Адвокатское словечко «провокация» люди не больно понимали, но все же догадались, отчего бесится кмет.

По его приказу музыкантам пришлось оборвать песню на середине. Да и попик пригрозил прекратить отпевание: ему, видишь ли, ботевская песня не подходящей для момента показалась. К тому же он торопился — на очереди было отпевание дедушки Велко.

Зятья дедушки Велко схитрили: все равно ведь для чужой Цанки нанята музыка, пускай и для их покойника поиграет. Все лестно будет, коли люди окажут:

— Наделил их тесть имуществом, но и они перед ним не в долгу: проводили на тот свет вполне прилично.

А к вечеру за маленькую приплату музыканты из трех сел заиграли хоро. И снова было весело — ведь смерть не останавливает жизни, да и все вокруг цвело по-весеннему. Только под конец веселье было нарушено: жандармы ворвались в круг танцующих и арестовали того, кто произносил на похоронах речь.

Околийскому начальнику, видно, захотелось немедля, той же ночью допросить оратора, о какой такой «весне правды» он говорил, что она уже не за горами…

1944

Перевод А. Алексеева.

ГОЛОС НАРОДА

День святого Георгия всегда был веселым весенним праздником, однако другого такого Георгиева дня, как вчерашний, в селе не случалось.

Виновником веселья на этот раз оказался молодой попик.

И года нет, как появился он в селе, — истощавший, изголодавшийся: кожа да кости. И за этот самый год — от воды ли из нового водопровода, от приданого ли попадьихи, от приношений ли вранячан по случаю частых крестин и отпеваний — только налился попик всем на удивленье, даже мешковатая ряса ему вроде узка стала.

Прежде его желтая редкая бороденка торчала, как клок прихваченной морозом травы, а когда щеки набухли и вспыхнули от притока свежей алой крови — и борода буйно потянулась в рост, погустела и закурчавилась, совсем как у владыки.

Попик наш и вообще-то был человеком скрытным, молчаливым, а тут еще протосингел митрополии запугал его перед отъездом в наше село.

— Ты, сыне, — говорил ему протосингел, — ты самый просвещенный среди наших молодых духовников.
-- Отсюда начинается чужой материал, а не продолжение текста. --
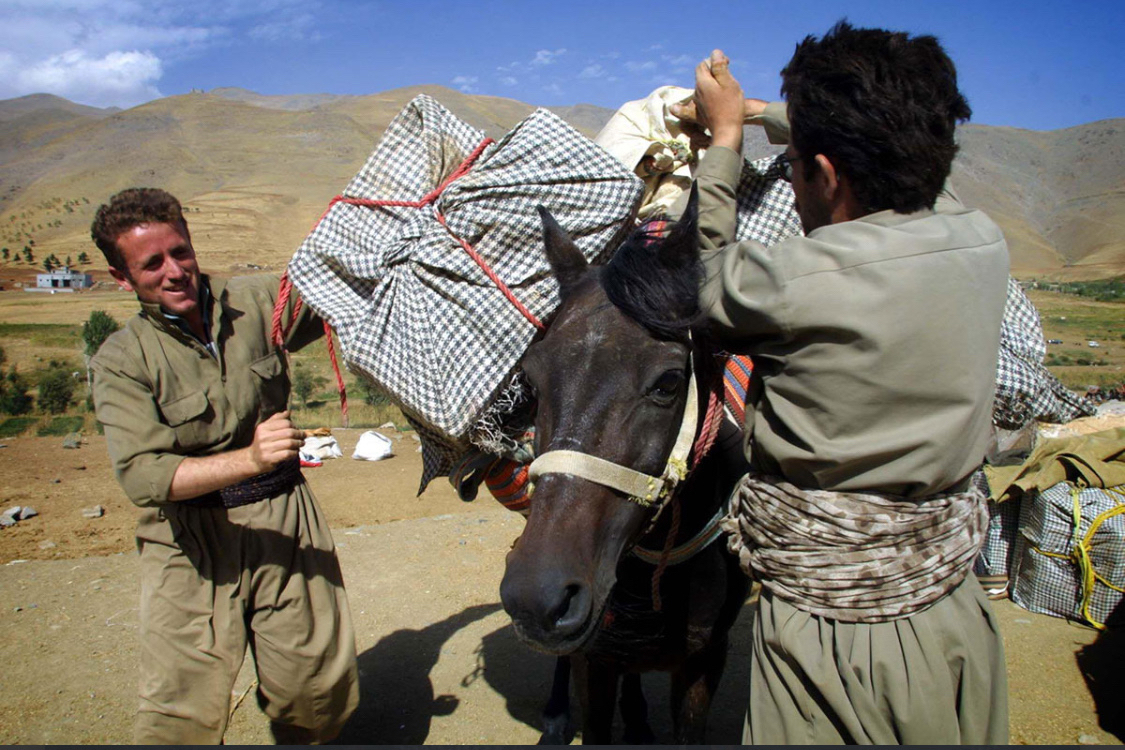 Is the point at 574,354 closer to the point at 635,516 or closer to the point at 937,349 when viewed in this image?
the point at 635,516

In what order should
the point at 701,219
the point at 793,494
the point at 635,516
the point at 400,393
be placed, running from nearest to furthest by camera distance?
the point at 793,494, the point at 635,516, the point at 701,219, the point at 400,393

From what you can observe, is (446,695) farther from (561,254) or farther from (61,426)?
(61,426)

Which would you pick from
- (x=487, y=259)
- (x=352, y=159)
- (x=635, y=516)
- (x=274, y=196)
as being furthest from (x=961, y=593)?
(x=352, y=159)

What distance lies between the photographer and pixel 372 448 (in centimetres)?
914

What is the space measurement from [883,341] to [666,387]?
1.90 feet

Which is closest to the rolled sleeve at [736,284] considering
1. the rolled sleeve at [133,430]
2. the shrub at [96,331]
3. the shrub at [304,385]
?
the rolled sleeve at [133,430]

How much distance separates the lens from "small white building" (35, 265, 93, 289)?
51562mm

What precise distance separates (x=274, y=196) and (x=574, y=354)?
89240mm

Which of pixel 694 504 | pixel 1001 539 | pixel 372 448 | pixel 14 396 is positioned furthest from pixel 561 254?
pixel 14 396

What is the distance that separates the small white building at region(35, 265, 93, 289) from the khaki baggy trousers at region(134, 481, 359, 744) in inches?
2425

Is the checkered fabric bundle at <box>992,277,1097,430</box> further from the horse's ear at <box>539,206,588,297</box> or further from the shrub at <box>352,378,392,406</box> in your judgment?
the shrub at <box>352,378,392,406</box>

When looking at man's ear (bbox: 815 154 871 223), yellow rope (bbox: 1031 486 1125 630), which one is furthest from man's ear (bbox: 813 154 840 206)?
yellow rope (bbox: 1031 486 1125 630)

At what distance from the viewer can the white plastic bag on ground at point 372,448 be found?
9062mm

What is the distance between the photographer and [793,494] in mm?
1542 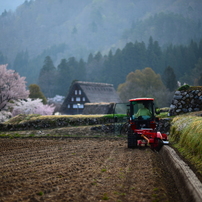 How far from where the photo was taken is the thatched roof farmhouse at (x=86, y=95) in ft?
235

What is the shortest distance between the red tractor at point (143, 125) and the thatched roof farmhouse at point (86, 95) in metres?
54.0

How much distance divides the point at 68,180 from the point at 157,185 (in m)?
1.92

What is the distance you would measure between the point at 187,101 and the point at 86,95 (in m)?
46.5

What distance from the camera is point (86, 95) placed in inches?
2820

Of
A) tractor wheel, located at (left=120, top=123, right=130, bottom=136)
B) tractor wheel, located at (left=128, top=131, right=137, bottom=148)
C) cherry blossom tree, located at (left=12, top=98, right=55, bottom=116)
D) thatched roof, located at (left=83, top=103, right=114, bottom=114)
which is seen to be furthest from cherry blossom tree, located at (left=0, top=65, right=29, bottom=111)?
tractor wheel, located at (left=128, top=131, right=137, bottom=148)

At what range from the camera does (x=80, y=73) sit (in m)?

Потому-то и посылаем тебя во Враняк. Миссионером будешь. Иди с богом, но помни — идешь к антихристам, черноязычникам. Тамошние ни бога, ни диавола не почитают. Покойный отец Лазар света божьего из-за них не видел. Ты в их сердца исподволь пробирайся, потому что если уж ополчатся они на тебя — другое село тебе подыскивать придется. Поганый там народ…

Притаился попик, смирился — кротостью божьей отличался, ребятишек вранячанских завидит — и тем дорогу уступит…

Даже на пасху, когда шестеро попов из окрестных сел, собравшись на торжественное молебствие, по-келейному разговорились о том о сем, — и тогда отец Марко слова лишнего не вымолвил. Так и не понял никто — слушает ли он лондонское, московское радио или только радио Софии верит; сбреет ли он бороду на виду у всего села при первом слухе о подходе большевиков, как намеревались сделать некоторые его братья во Христе, или же забаррикадируется в алтаре, наподобие испанских фанатиков — черноризцев, и начнет стрелять во врагов господних до последнего издыхания?